Patterson complains next that the district court erred by not
holding another hearing before entering its last sentencing order,
the Corrected Order. Patterson received two full sentencing
hearings, one before the district court entered his original
sentence and another before the court entered the Resentencing
Order. The district court did not hold an additional hearing
3
before it rendered the Corrected Order, which it entered within a
week of the Resentencing Order. Patterson now contends that he was
entitled to a third chance to object to the Presentence
Investigation Report (PSR) and a third sentencing hearing before
the entry of the Corrected Order. Patterson's contention is
incorrect.
A defendant's right to be present when the district court
alters his sentence depends on the type of action the district
court is taking. If the district court is imposing a new sentence
after the original sentence has been set aside, the defendant is
entitled to be there. United States v. Moree, 928 F.2d 654, 655
(5th Cir. 1991). However, a defendant is not entitled to be
present when the district court merely modifies an existing
sentence. Id.
With its Corrected Order, the district court was not imposing
a new sentence. To the contrary, it was correcting a discrete
portion of the Resentencing Order it had already rendered. The
Resentencing Order had not been vacated or set aside. The sole
change made by the Corrected Order was to vacate Patterson's
924(c)(1) conviction and remove all reference to that conviction
from the sentence. Thus, Patterson had no right to be present or
to be heard before the district court entered its Corrected Order.
III.
Patterson argues that because his conviction for carrying a
firearm in connection with a crime of violence has been vacated, he
no longer qualifies as an armed career criminal under U.S.S.G.
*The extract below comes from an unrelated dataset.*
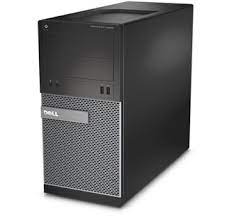Desktop Dell Optiplex 3020 UN i5-4590 3.3 Ghz 4Gb Memory Missing HDD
4B1.4. However, his armed career criminal status has never
4
depended on his 924(c)(1) conviction; it has always rested solely
on the fact that Patterson, a felon in possession of a firearm,
used that firearm to shoot a policeman. See Patterson, No. 92-5258
(5th Cir. 1992). Nothing about his corrected sentence changes
this.3
IV.
Patterson argues finally that the district court vindictively
penalized him for exercising his right to appeal by making his
second sentence more severe than his initial sentence. Patterson
was originally sentenced to 366 months on the 922(g) conviction
plus five consecutive years on the 924(c)(1) conviction, for a
total of 426 months. After the Corrected Order, Patterson was left
with a 327 month sentence on the 922(g) conviction. Patterson
argues that the first sentence was at the bottom of his original
guideline range, while his second sentence was at the very top of
his new, lower guideline range, making it a harsher sentence.
3
Patterson also argues that the district court incorrectly
enhanced his 922(g) sentence under several guideline provisions.
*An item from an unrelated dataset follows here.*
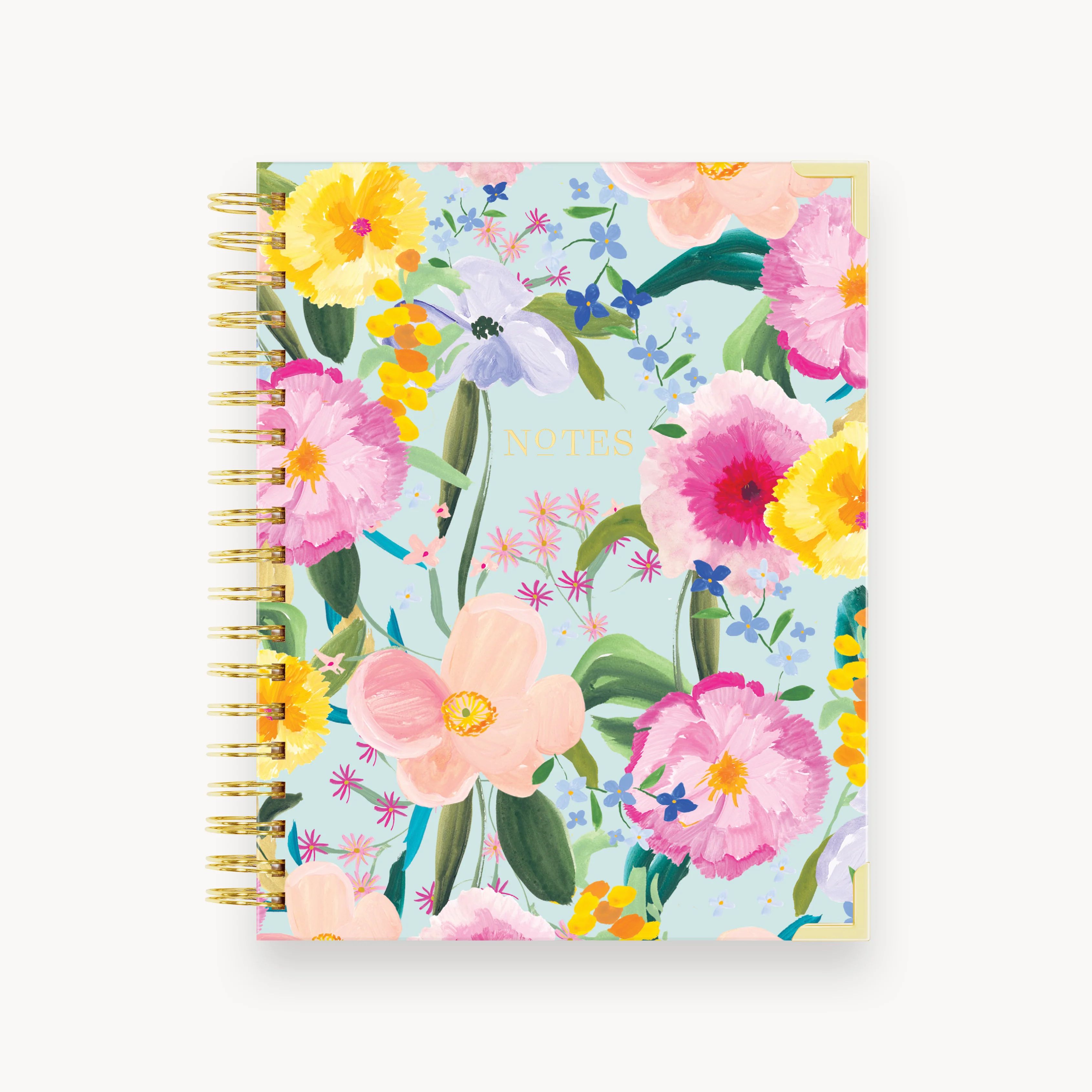 Lined Notebook: Enchanted | Day Designer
These contentions were addressed in the earlier appeal and we
decline to revisit them.
Additionally, in his Supplemental Response to Brief of
Appellee, Patterson argues for the first time that the district
court did not adequately specify its reasons for choosing a
particular length of sentence within a guideline range that
exceeds 24 months. We do not find that this is an issue of
manifest injustice, and so decline to address this tardy
argument. See United States v. Winn, 948 F.2d 145, 157 (5th Cir.
1991), cert. denied, 112 S.Ct. 1599 (1992).
5
Patterson's argument is meritless. Viewed cumulatively or
count-by-count, Patterson's second sentence was shorter than his
first. There is no error here.4
For the above reasons, Patterson's sentence imposed by the
district court in its Corrected Order and Judgment on Resentencing
is AFFIRMED.
4
Patterson contends that the PSR will provide the Bureau of
Prisons with inaccurate information because it does not reflect
that his 924(c)(1) conviction is no longer valid. Patterson's
concern is baseless. In addition to the PSR, the Bureau of
Prisons will receive the district court's Corrected Order, which
clearly vacates the 924(c)(1) conviction.